## Try it
Leave out the images; return the rest of the data exactly.

━━ Source material ━━

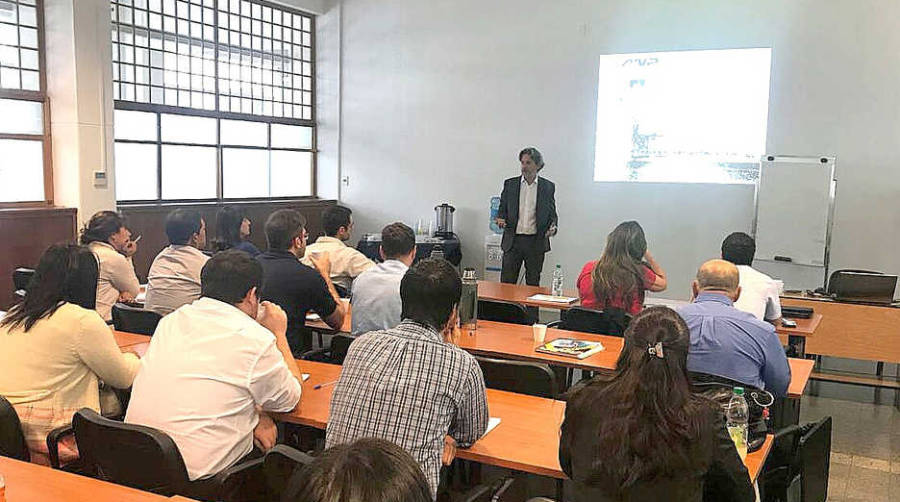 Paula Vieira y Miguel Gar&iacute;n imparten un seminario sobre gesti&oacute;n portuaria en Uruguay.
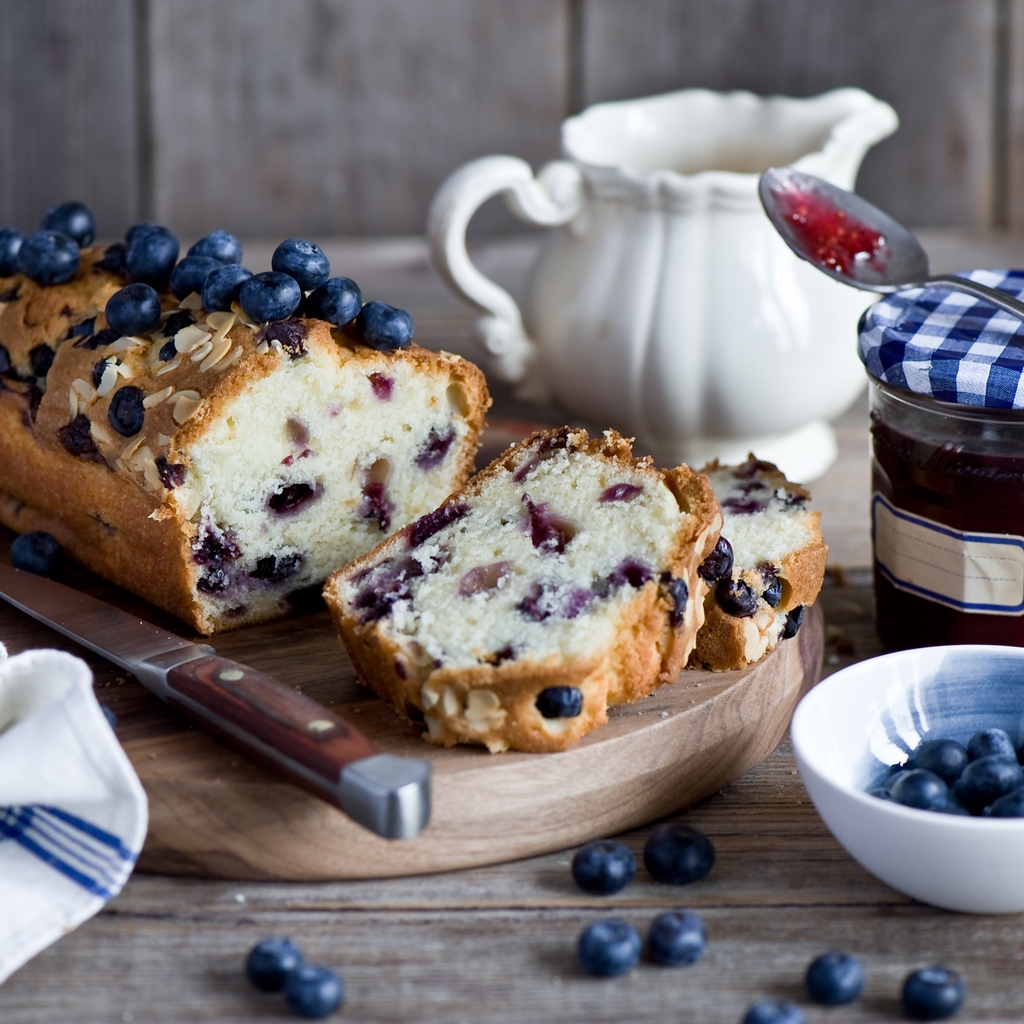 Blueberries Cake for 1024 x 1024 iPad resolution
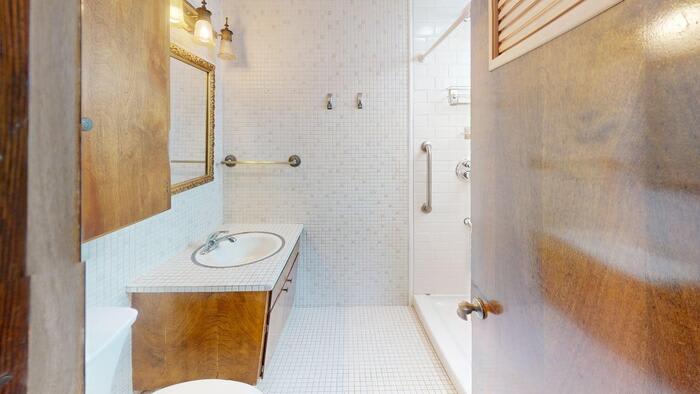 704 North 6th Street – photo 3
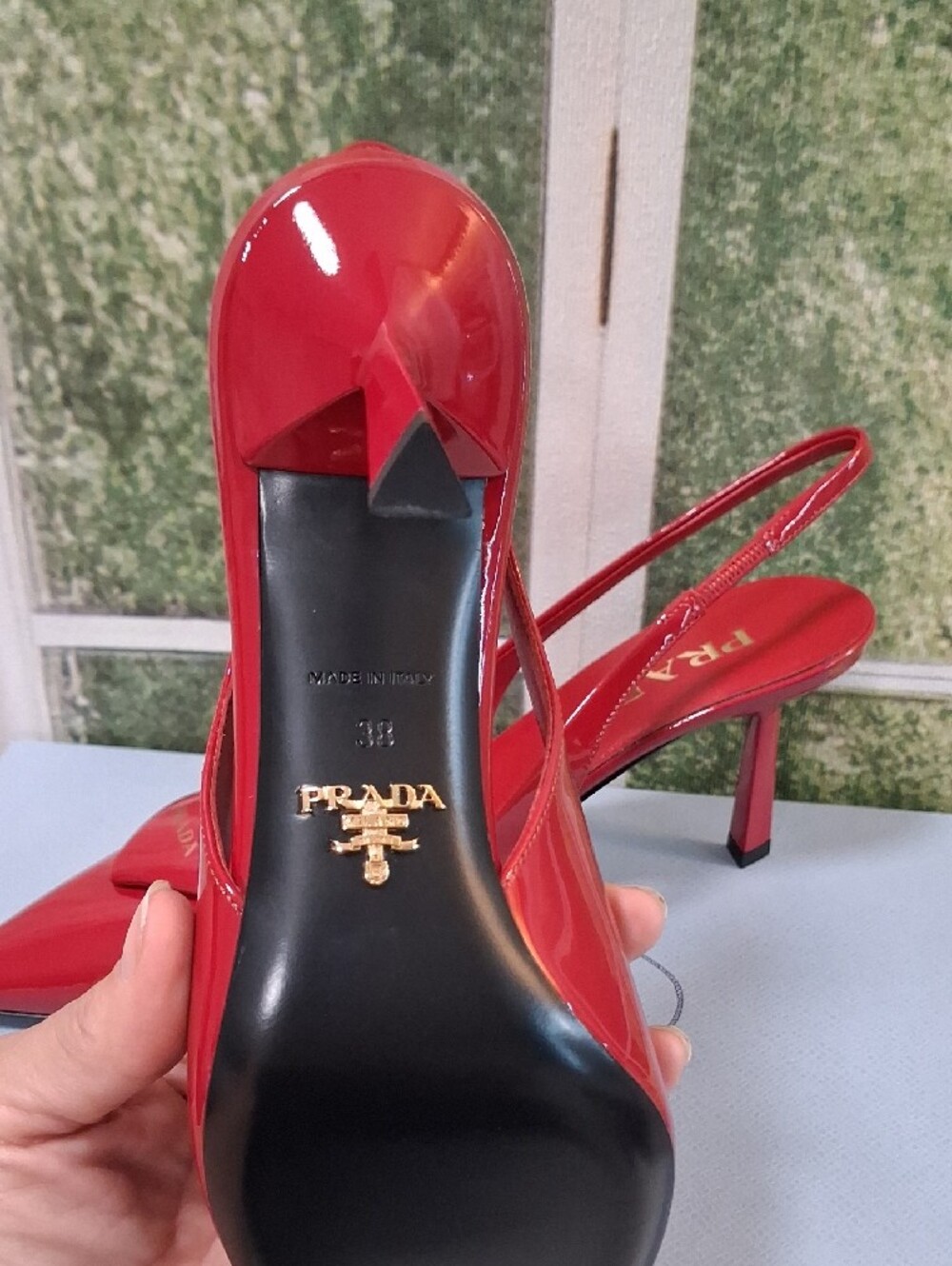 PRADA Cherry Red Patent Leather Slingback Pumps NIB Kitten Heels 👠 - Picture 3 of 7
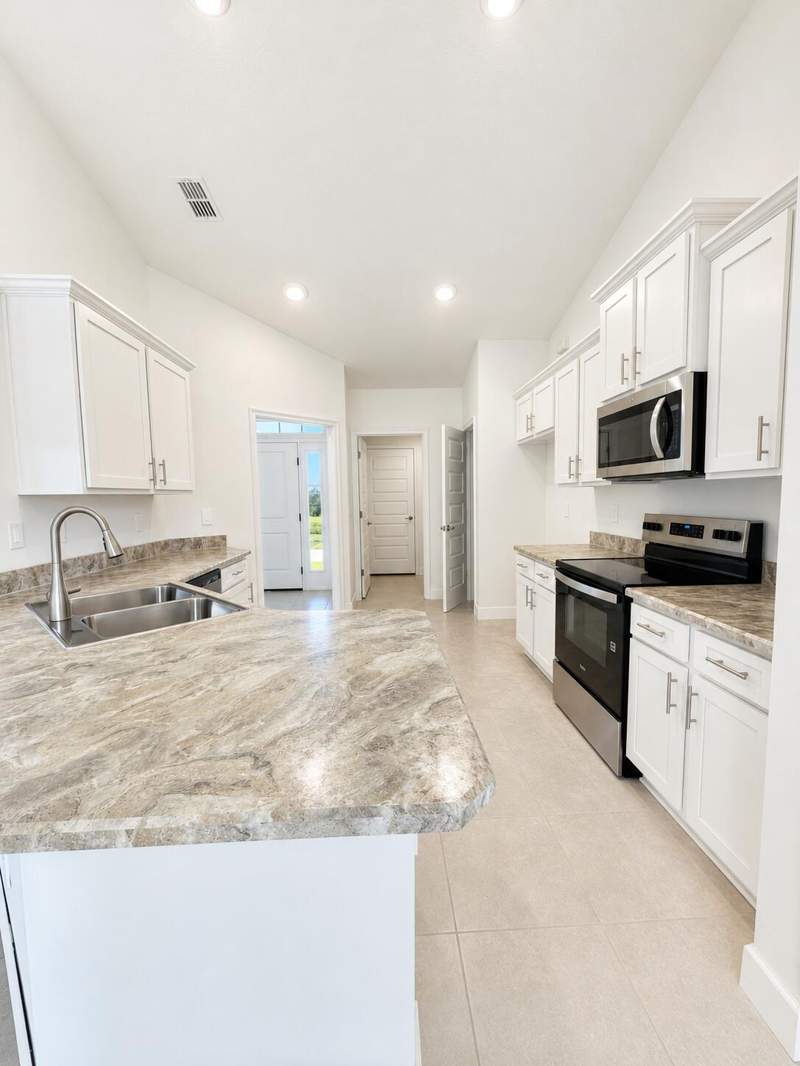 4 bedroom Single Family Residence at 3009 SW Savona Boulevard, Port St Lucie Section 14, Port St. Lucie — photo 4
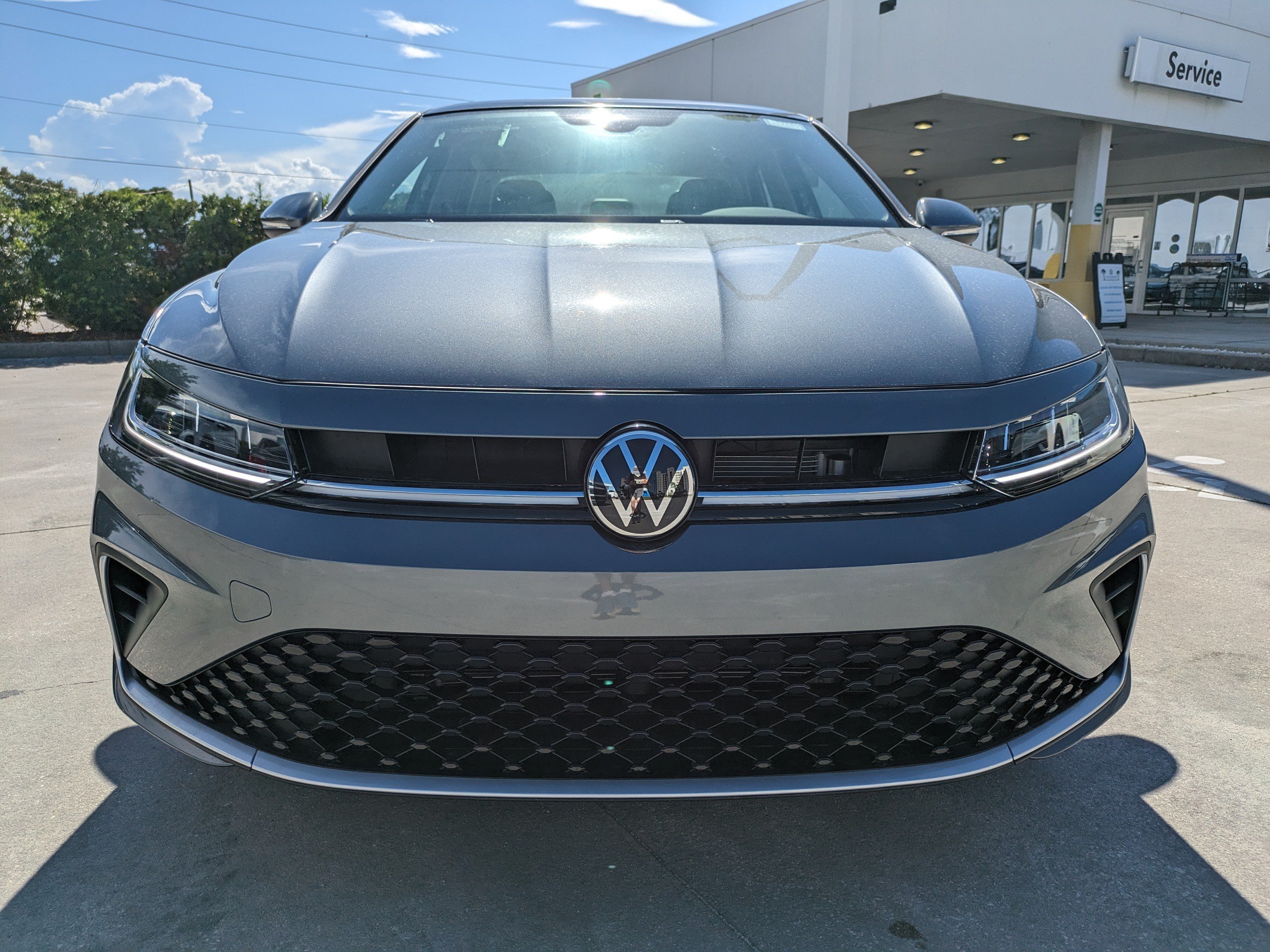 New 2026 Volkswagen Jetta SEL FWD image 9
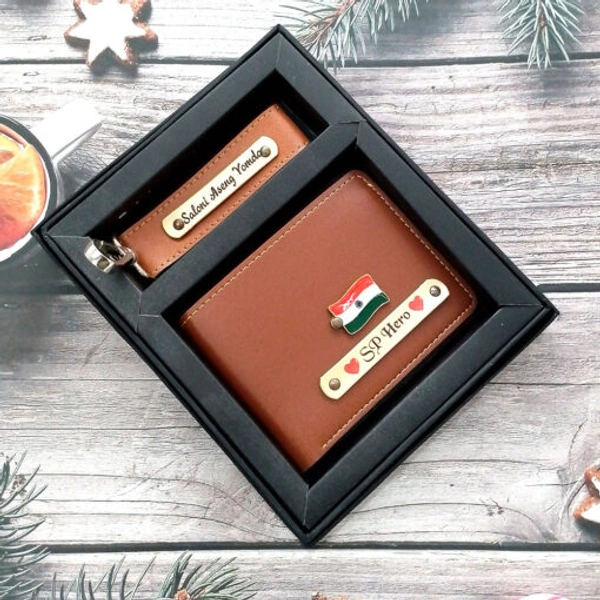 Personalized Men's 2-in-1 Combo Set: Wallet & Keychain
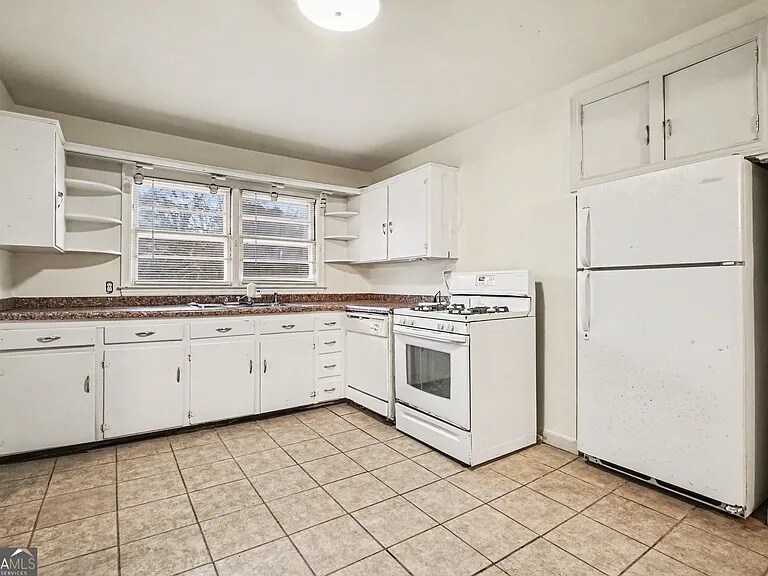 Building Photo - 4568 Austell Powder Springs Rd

━━━

## Answer box
 Paula Vieira y Miguel Gar&iacute;n imparten un seminario sobre gesti&oacute;n portuaria en Uruguay.
 Blueberries Cake for 1024 x 1024 iPad resolution
 704 North 6th Street – photo 3
 PRADA Cherry Red Patent Leather Slingback Pumps NIB Kitten Heels 👠 - Picture 3 of 7
 4 bedroom Single Family Residence at 3009 SW Savona Boulevard, Port St Lucie Section 14, Port St. Lucie — photo 4
 New 2026 Volkswagen Jetta SEL FWD image 9
 Personalized Men's 2-in-1 Combo Set: Wallet & Keychain
 Building Photo - 4568 Austell Powder Springs Rd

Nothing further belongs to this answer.